Farm succession planning is not just as simple as writing a Will and occasionally updating it (although that is part of it). It requires a look at the bigger picture.
In addition to ensuring that they have a Will in place and that it is up to date, farmers should consider their Farm Partnership Agreement alongside the Will to ensure that there is no conflict between the two documents. In the event of a dispute, the Farm Partnership Agreement will take precedence over the Will. It is important to ensure that the two work together so that you can take peace of mind in the fact that your wishes will be respected and that conflict within the family and the business will be avoided. If you don’t have a formal written partnership agreement, then it is time to get one in place so that everyone knows where they stand.
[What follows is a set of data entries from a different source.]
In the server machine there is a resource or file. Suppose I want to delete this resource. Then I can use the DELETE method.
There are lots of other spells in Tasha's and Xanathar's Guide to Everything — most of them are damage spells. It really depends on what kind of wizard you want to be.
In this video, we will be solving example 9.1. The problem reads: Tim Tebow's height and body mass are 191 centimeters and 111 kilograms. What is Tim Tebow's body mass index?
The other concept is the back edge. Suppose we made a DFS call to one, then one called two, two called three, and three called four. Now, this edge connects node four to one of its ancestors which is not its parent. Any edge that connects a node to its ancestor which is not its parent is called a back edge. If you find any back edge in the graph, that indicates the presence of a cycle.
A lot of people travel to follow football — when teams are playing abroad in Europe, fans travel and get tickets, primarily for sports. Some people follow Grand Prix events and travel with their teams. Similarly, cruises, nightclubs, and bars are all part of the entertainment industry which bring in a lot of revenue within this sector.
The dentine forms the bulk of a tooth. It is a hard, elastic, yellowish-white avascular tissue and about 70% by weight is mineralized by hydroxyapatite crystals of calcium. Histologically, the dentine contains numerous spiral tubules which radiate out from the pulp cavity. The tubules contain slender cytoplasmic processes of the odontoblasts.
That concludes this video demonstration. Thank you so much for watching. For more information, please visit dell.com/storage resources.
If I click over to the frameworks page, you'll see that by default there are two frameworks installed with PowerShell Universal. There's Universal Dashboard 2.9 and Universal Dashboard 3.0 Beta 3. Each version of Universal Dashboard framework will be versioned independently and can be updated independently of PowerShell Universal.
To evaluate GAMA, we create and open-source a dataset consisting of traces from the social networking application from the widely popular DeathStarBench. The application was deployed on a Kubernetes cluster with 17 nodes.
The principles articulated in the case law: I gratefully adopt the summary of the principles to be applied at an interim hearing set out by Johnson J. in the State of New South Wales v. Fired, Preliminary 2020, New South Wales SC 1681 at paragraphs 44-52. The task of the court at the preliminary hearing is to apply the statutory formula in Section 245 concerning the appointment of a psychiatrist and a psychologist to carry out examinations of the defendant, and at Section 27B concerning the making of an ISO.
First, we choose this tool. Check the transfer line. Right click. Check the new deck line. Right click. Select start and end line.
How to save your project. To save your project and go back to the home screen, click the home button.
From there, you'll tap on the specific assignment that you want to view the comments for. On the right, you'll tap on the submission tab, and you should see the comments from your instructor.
You should make sure that you are clear what is an asset of the Farm Partnership and what belongs to you personally or what is in joint names with a spouse or other family members. Again, this is the best way to avoid conflict in the family. Even the closest family relationships can be put under strain following a bereavement, so don’t just assume that everyone in the family who gets on now will continue to get on after you are gone. The combination of grief, family rivalry and money is an intoxicating one and can lead to unimaginable heartbreak following a death. It pays to be organised so that you can ensure that your family can ride the storm after you are gone.
As part of your farm succession planning, you should also ensure that all of your land is registered with HM Land Registry. Not an easy task, but it is important to be certain what land belongs to the farm business, what belongs to you personally and what belongs to other family members or is leased to another business.
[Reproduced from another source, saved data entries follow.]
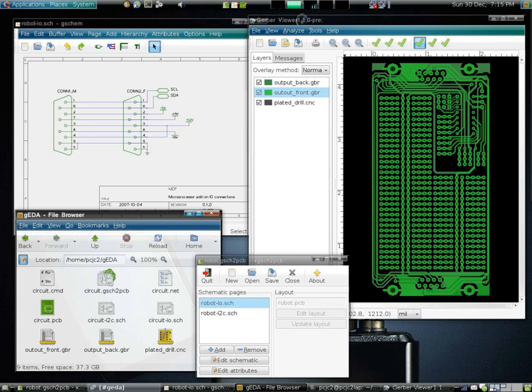High-level synthesis or behavioral synthesis converts algorithmic high-level design descriptions, for example in C or C++, into RTL. Logic synthesis translates RTL design descriptions, for example written in Verilog or VHDL, into a discrete netlist of logic gates.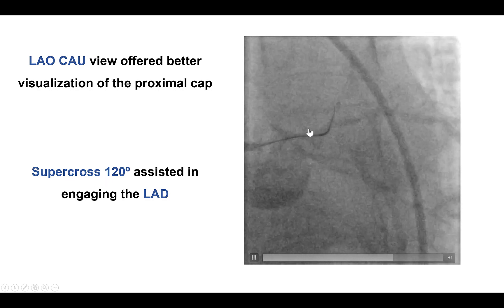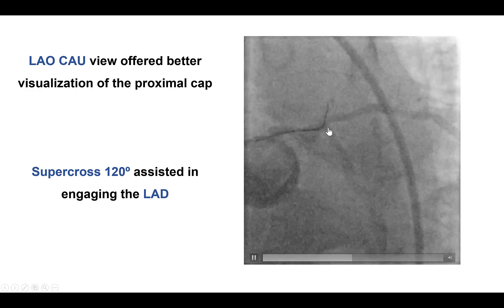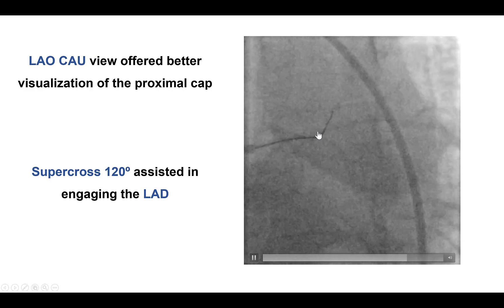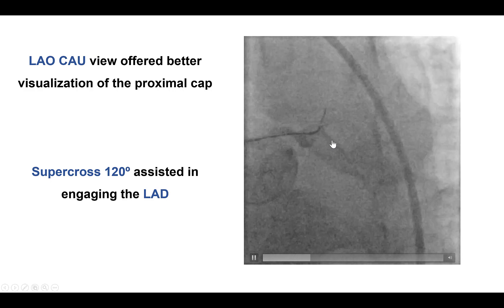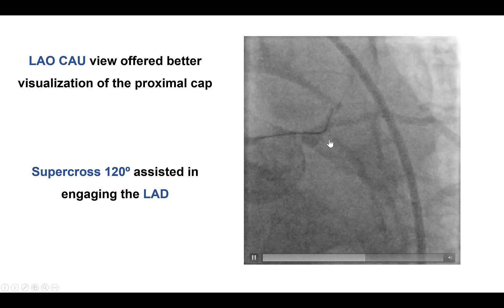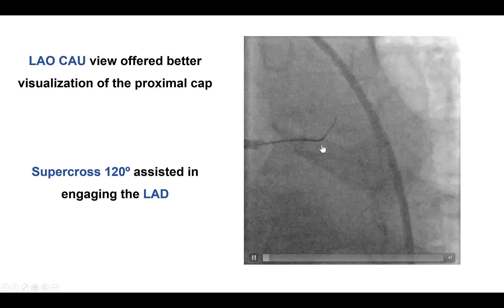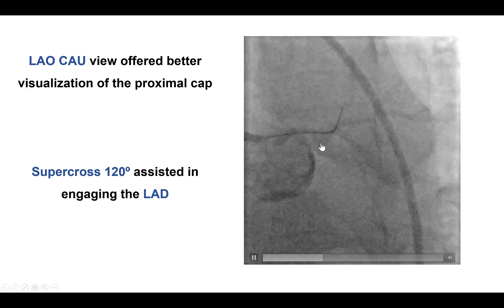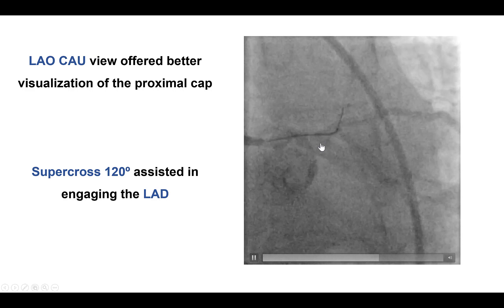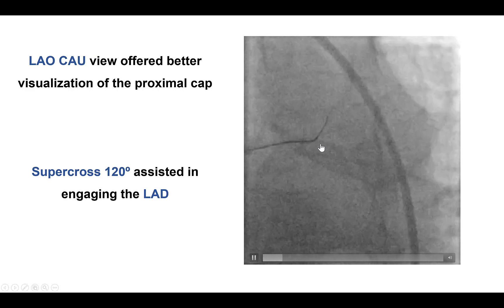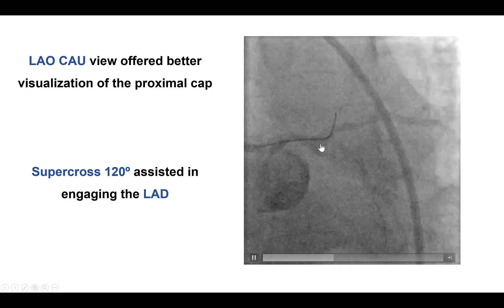The spider view was very useful for directing our guide wire using a Supercross 120 angulated microcatheter. Because of the patient's obesity, obtaining these views required the use of cine and geography, which can raise the radiation dose quite significantly.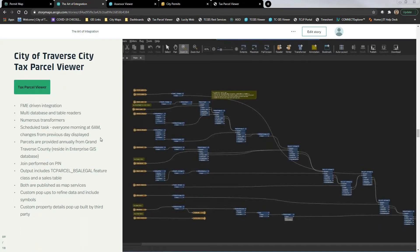This public-facing tax parcel viewer is something I inherited when I started at the city — it's our most-used application and is purely driven by FME. We have multiple databases, multiple tables, and numerous transformers, running on a scheduled task every morning at 6 AM. Since we're a city, we receive a parcel update from the county annually. We do a little cleanup on it and it resides in our enterprise GIS. That forms the basis for the join through the BSNA assessor module, using that PIN number.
You should also consider getting some tax planning advice from your accountant, especially if you have a diversification business. It is a difficult time, with many diversification businesses struggling with lost bookings or low customer numbers due to the Coronavirus pandemic, but in many ways, this is a good time to consider tax planning for the future alongside other financial matters as you do your best to shore up your diversification business for when things return to normality.
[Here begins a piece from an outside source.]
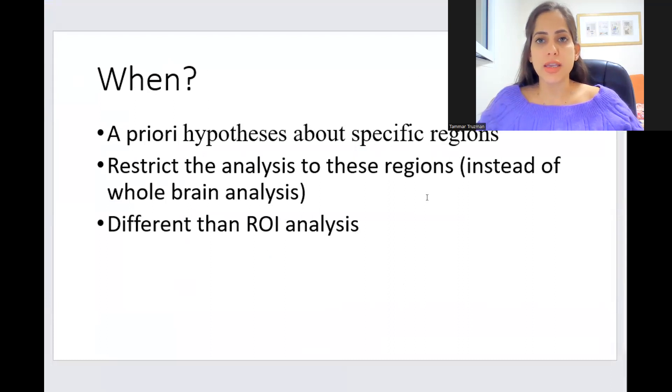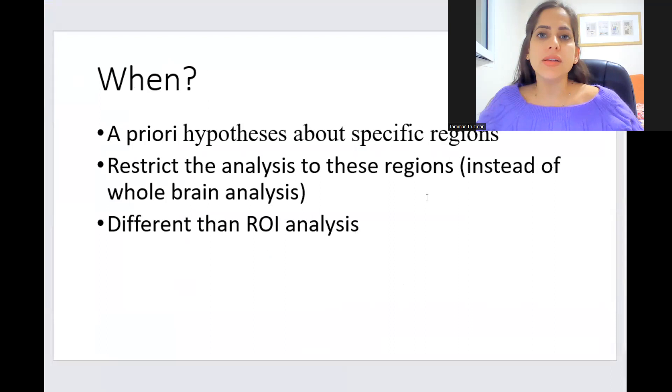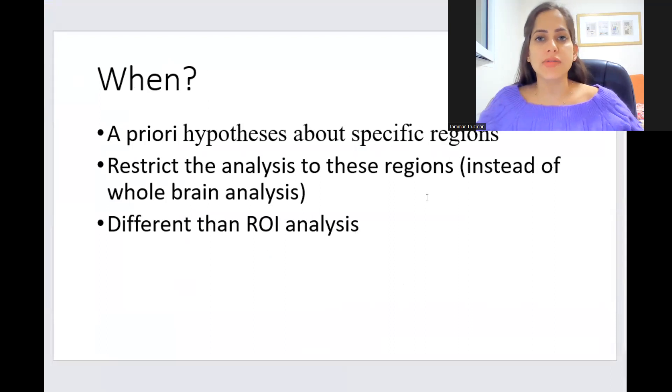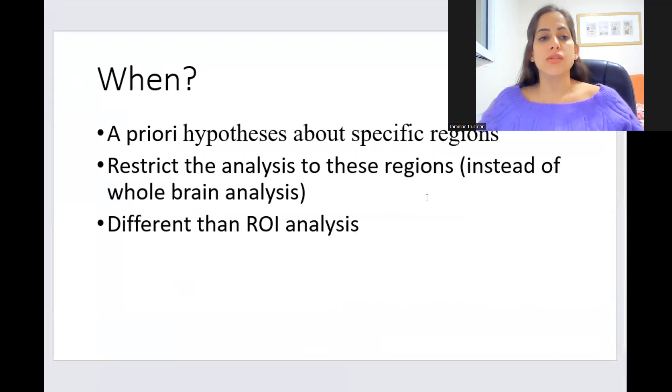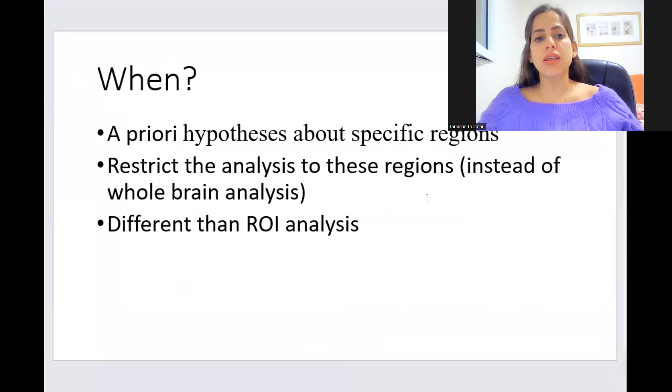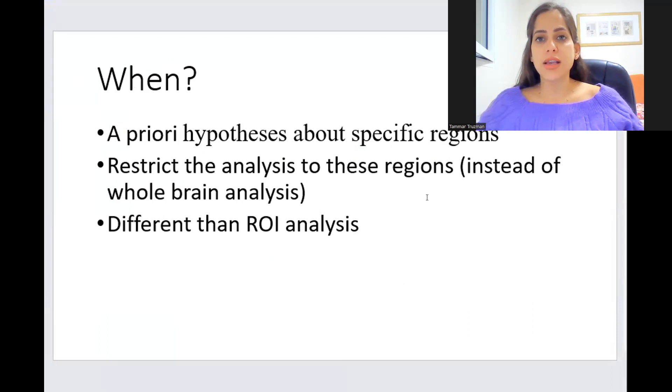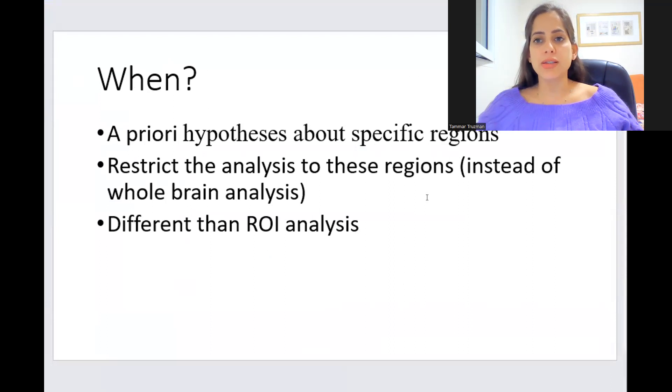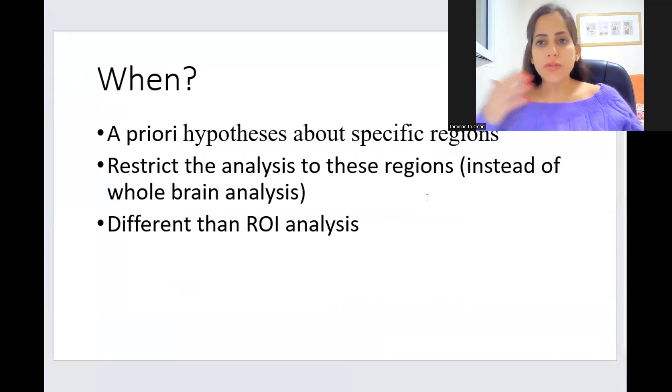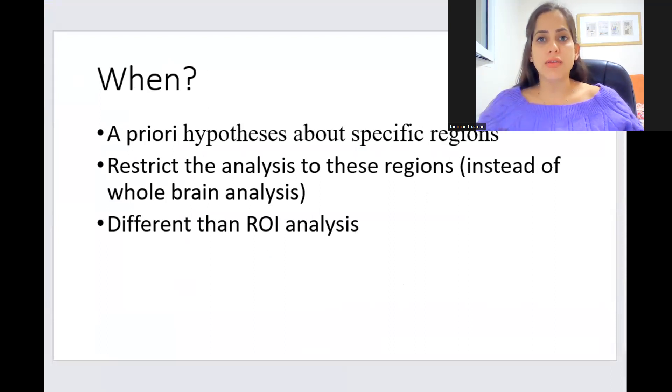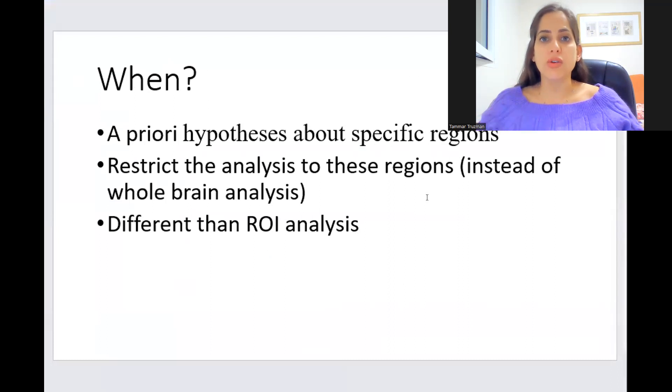So let's say you have a hypothesis about the amygdala and how it is activated during specific tasks. So what you do is you restrict the analysis to these regions, and instead of doing multiple comparisons correction for all the voxels in the brain, you're only correcting for the voxels within your VOI.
Another matter worth considering as part of your farm succession plan is Lasting Powers of Attorney. These are documents where you appoint a trusted person or people to act as an attorney for you in the event that you were to lose mental capacity and be unable to make decisions for yourself. Attorneys can be appointed to make decisions on your behalf about the kind of medical treatment you might receive or to manage your property and financial affairs on your behalf. This is important to consider both from a personal point of view and also when considering who may be able to make important business related decisions such as how the money you make from your farm business is spent. It is big decision to make and something you should discuss both with a solicitor and members of your family prior to putting anything in place.
It may seem impossible to plan for the future in such uncertain times but doing so will give you peace of mind and feeling of being at least partially in control of matters in the changeable times in which we live.